Image-text web data:
──────────

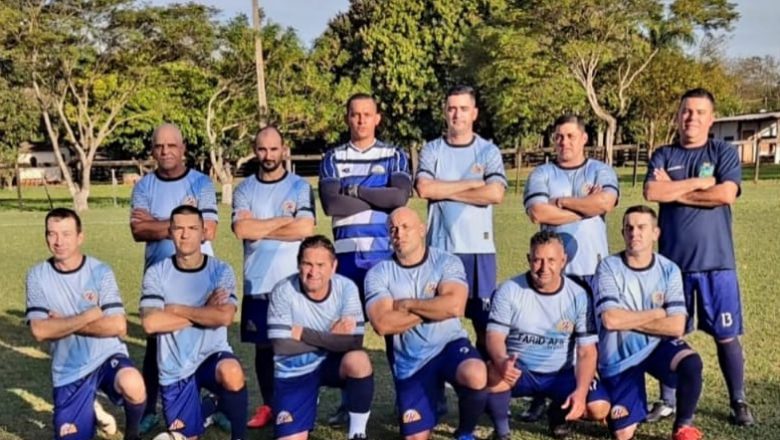 Policiais militares de Ponta Porã participam de torneio de futebol no Paraguai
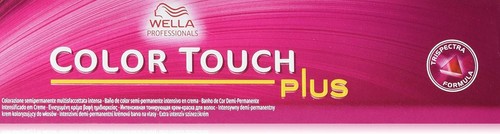 Wella colour touch plus - colour,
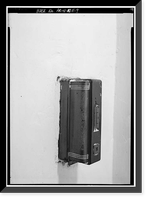 Hot Springs National Park, Bathhouse Row, Lamar Bathhouse: Mechanical & Piping Systems, State Highway 7, 1 mile north of U.S. Highway 70, Hot Springs, Garland County, AR - 9 Heritage Wall Art Print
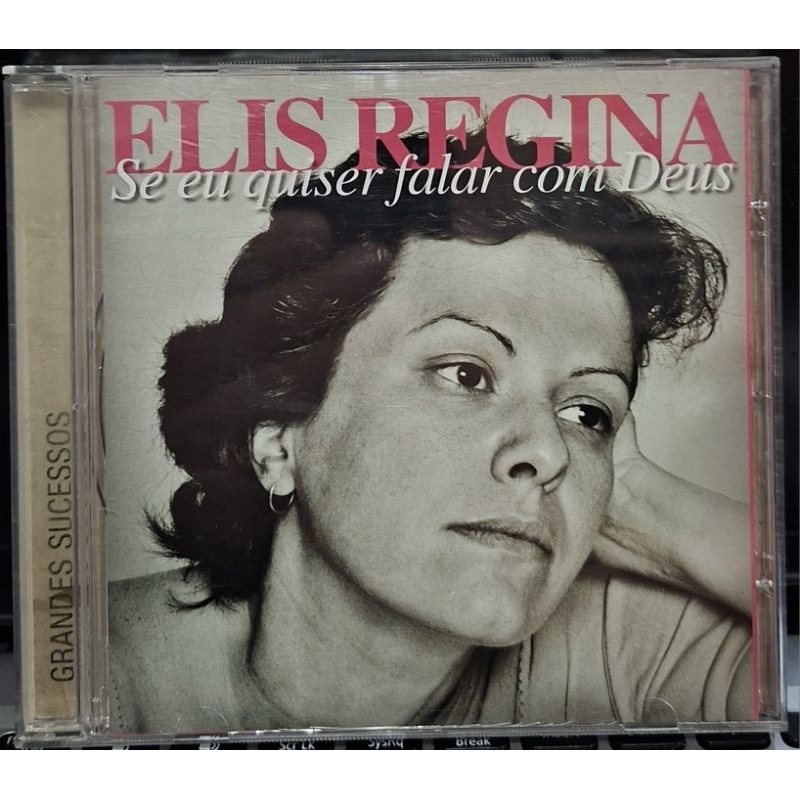 CD-ELIS REGINA-SE EU QUISER FALAR COM DEUS-CONSERVADO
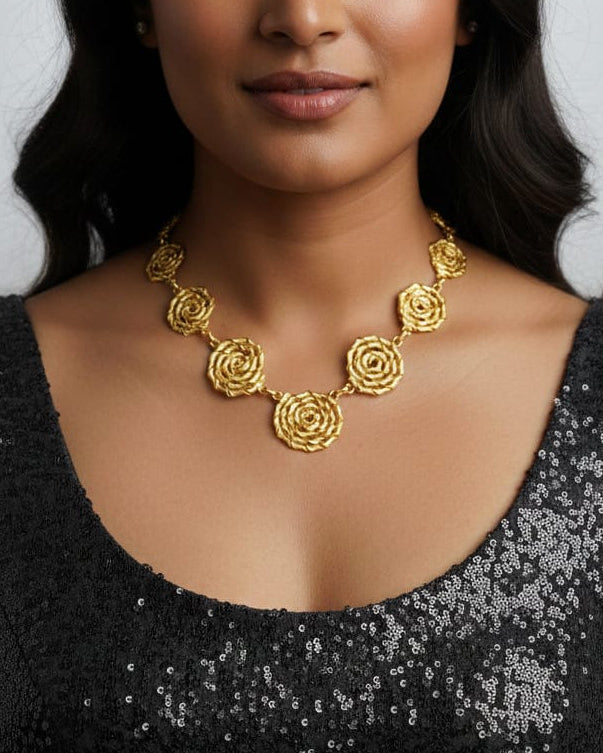 Twistie Statement Neckpiece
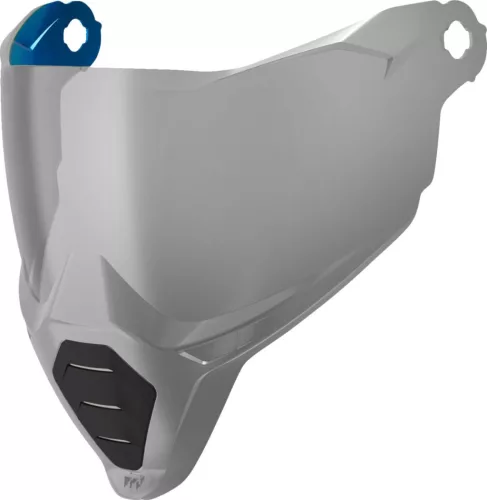 Vizieră Icon Ultrashield argintiu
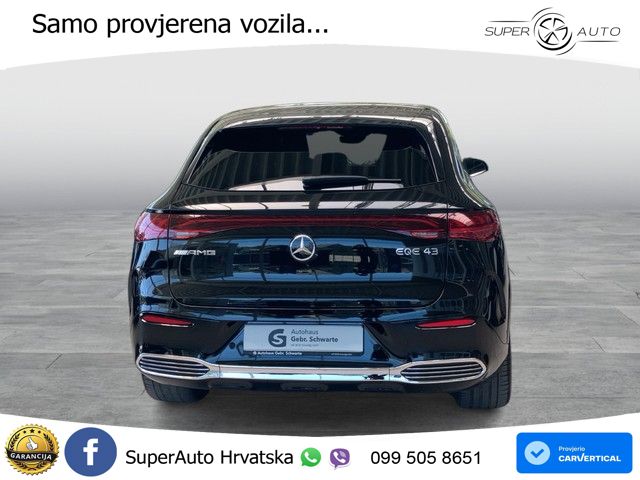 Mercedes EQE SUV AMG 43 100 kWh (476 KS) 4MATIC LED+GR SJED+ACC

──────────

Your instructions.
Nothing but an exact repeat of the records, pictures excluded, belongs in the answer.

Exercise response.
 Policiais militares de Ponta Porã participam de torneio de futebol no Paraguai
 Wella colour touch plus - colour,
 Hot Springs National Park, Bathhouse Row, Lamar Bathhouse: Mechanical & Piping Systems, State Highway 7, 1 mile north of U.S. Highway 70, Hot Springs, Garland County, AR - 9 Heritage Wall Art Print
 CD-ELIS REGINA-SE EU QUISER FALAR COM DEUS-CONSERVADO
 Twistie Statement Neckpiece
 Vizieră Icon Ultrashield argintiu
 Mercedes EQE SUV AMG 43 100 kWh (476 KS) 4MATIC LED+GR SJED+ACC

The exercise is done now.